Try it: From the line below that contains "SC license plate OGN375" to the line that contains "Stijlvolle Warme Winter", repeat every line exactly, both ends included, and nothing else.

-------- Dataset extract --------

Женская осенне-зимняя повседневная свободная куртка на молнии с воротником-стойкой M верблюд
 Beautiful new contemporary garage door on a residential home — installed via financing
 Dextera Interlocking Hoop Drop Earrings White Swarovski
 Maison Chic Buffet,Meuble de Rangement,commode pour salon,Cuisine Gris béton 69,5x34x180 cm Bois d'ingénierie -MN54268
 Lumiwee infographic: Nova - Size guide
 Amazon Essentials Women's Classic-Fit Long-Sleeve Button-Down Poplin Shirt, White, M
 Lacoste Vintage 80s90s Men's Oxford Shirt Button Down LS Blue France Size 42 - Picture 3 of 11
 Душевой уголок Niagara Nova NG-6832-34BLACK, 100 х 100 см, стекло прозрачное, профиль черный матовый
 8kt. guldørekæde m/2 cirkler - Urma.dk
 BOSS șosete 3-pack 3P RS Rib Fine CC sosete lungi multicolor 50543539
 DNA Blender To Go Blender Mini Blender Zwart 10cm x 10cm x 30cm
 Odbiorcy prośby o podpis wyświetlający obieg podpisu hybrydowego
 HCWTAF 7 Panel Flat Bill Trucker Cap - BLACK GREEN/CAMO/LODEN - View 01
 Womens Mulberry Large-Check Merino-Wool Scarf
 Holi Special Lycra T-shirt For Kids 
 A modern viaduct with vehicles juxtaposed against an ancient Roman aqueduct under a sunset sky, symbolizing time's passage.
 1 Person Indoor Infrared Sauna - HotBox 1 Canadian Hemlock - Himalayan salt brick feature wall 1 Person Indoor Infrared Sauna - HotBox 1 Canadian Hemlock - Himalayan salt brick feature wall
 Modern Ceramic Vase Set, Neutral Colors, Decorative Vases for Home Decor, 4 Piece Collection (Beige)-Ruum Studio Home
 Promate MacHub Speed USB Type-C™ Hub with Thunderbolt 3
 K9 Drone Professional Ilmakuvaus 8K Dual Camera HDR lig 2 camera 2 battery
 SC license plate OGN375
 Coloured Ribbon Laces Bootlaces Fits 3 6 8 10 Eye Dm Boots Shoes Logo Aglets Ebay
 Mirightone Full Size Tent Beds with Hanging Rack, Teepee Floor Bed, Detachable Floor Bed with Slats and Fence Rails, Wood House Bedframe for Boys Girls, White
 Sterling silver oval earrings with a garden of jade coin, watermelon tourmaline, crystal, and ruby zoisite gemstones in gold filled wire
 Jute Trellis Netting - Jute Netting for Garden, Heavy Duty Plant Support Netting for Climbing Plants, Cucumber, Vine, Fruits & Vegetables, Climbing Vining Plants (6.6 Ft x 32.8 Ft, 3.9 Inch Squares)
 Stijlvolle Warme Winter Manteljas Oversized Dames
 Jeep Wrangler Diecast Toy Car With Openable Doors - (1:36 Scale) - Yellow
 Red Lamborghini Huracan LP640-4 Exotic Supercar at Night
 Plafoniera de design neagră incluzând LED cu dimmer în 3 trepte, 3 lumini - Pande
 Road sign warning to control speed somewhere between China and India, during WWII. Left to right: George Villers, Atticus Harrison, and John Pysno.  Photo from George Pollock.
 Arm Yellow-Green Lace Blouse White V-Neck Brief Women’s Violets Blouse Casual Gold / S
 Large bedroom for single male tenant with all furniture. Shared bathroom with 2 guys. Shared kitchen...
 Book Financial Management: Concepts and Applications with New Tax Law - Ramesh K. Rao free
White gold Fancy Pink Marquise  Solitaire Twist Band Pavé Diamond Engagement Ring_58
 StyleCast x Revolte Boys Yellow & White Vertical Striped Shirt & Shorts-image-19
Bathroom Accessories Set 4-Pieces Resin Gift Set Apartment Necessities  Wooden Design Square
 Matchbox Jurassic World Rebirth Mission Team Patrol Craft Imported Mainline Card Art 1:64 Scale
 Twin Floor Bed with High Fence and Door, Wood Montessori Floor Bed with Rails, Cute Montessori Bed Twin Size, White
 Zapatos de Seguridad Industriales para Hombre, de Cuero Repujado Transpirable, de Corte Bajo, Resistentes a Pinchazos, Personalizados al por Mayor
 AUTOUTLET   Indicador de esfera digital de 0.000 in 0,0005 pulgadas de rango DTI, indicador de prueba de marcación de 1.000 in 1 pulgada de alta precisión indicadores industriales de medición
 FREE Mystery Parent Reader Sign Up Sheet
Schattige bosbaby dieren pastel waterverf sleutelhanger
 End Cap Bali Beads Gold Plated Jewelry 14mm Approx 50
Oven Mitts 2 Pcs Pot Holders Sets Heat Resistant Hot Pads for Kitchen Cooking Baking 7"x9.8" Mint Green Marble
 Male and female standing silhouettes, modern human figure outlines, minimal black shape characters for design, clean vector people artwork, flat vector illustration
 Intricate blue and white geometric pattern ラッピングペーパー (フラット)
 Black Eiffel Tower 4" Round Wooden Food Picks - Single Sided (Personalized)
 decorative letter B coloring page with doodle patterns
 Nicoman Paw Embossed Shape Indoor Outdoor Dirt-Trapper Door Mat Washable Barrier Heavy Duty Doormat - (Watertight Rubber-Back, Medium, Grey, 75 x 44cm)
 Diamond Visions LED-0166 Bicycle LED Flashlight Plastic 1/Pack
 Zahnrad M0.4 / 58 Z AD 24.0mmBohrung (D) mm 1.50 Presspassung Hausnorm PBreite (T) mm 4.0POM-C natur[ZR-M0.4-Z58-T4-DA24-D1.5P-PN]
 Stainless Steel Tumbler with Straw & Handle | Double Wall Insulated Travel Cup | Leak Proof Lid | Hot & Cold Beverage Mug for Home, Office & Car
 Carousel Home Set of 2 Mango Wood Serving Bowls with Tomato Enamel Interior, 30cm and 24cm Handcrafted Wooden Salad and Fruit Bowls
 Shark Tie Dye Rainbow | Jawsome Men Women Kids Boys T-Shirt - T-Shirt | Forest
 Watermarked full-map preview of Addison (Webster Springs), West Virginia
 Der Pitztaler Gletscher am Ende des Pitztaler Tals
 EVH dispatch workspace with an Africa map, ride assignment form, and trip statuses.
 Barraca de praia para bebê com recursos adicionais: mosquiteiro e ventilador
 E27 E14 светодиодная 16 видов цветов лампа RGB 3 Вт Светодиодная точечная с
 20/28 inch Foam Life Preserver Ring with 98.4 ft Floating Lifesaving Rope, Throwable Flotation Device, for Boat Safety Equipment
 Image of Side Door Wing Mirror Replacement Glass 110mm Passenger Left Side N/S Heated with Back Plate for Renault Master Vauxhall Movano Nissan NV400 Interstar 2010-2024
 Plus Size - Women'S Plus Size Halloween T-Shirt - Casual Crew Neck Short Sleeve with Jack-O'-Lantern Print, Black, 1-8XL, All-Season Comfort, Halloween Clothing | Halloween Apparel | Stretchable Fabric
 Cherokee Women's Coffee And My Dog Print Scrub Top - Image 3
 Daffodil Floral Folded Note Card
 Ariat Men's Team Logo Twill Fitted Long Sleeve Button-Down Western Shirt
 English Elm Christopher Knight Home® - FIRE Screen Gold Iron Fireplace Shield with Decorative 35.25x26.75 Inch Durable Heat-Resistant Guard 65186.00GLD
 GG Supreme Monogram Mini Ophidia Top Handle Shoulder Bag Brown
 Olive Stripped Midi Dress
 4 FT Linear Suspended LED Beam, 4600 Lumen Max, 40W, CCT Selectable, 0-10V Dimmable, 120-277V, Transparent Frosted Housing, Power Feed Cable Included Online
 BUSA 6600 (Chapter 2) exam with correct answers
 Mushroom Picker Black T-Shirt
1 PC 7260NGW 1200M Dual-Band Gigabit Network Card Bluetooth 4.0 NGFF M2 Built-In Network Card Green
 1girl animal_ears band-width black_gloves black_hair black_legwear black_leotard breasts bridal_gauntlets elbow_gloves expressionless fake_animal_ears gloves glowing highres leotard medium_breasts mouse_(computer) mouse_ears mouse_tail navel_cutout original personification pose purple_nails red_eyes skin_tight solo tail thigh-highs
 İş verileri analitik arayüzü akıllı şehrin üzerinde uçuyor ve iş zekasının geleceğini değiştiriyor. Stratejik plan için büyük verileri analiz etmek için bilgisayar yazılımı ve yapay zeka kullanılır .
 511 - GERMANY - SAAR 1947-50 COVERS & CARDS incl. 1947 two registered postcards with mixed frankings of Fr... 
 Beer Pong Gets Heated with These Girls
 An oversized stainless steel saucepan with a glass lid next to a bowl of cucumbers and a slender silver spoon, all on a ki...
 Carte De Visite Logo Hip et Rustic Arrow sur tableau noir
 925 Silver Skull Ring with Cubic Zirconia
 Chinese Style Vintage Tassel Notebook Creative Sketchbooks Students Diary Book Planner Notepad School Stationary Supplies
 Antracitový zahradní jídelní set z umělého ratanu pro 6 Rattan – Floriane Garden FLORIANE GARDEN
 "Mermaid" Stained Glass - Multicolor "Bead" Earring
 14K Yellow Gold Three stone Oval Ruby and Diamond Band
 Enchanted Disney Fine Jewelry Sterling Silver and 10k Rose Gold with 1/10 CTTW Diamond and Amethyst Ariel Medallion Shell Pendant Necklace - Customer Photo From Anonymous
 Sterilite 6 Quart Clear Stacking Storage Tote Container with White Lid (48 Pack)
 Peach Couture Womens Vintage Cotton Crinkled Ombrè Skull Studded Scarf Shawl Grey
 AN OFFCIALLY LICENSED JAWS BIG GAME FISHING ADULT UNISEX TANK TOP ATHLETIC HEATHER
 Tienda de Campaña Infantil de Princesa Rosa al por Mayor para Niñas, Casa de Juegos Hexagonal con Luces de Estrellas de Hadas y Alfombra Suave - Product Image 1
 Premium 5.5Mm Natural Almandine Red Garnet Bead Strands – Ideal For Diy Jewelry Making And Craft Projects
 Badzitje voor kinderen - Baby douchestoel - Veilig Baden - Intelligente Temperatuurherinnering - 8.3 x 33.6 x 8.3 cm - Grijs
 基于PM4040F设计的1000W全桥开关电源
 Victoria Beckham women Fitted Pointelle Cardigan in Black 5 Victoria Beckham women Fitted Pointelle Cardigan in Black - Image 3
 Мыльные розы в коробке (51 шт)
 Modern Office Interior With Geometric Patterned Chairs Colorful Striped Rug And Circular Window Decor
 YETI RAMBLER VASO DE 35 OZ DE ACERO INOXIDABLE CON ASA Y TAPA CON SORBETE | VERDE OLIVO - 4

--------

The answer:
 SC license plate OGN375
 Coloured Ribbon Laces Bootlaces Fits 3 6 8 10 Eye Dm Boots Shoes Logo Aglets Ebay
 Mirightone Full Size Tent Beds with Hanging Rack, Teepee Floor Bed, Detachable Floor Bed with Slats and Fence Rails, Wood House Bedframe for Boys Girls, White
 Sterling silver oval earrings with a garden of jade coin, watermelon tourmaline, crystal, and ruby zoisite gemstones in gold filled wire
 Jute Trellis Netting - Jute Netting for Garden, Heavy Duty Plant Support Netting for Climbing Plants, Cucumber, Vine, Fruits & Vegetables, Climbing Vining Plants (6.6 Ft x 32.8 Ft, 3.9 Inch Squares)
 Stijlvolle Warme Winter Manteljas Oversized Dames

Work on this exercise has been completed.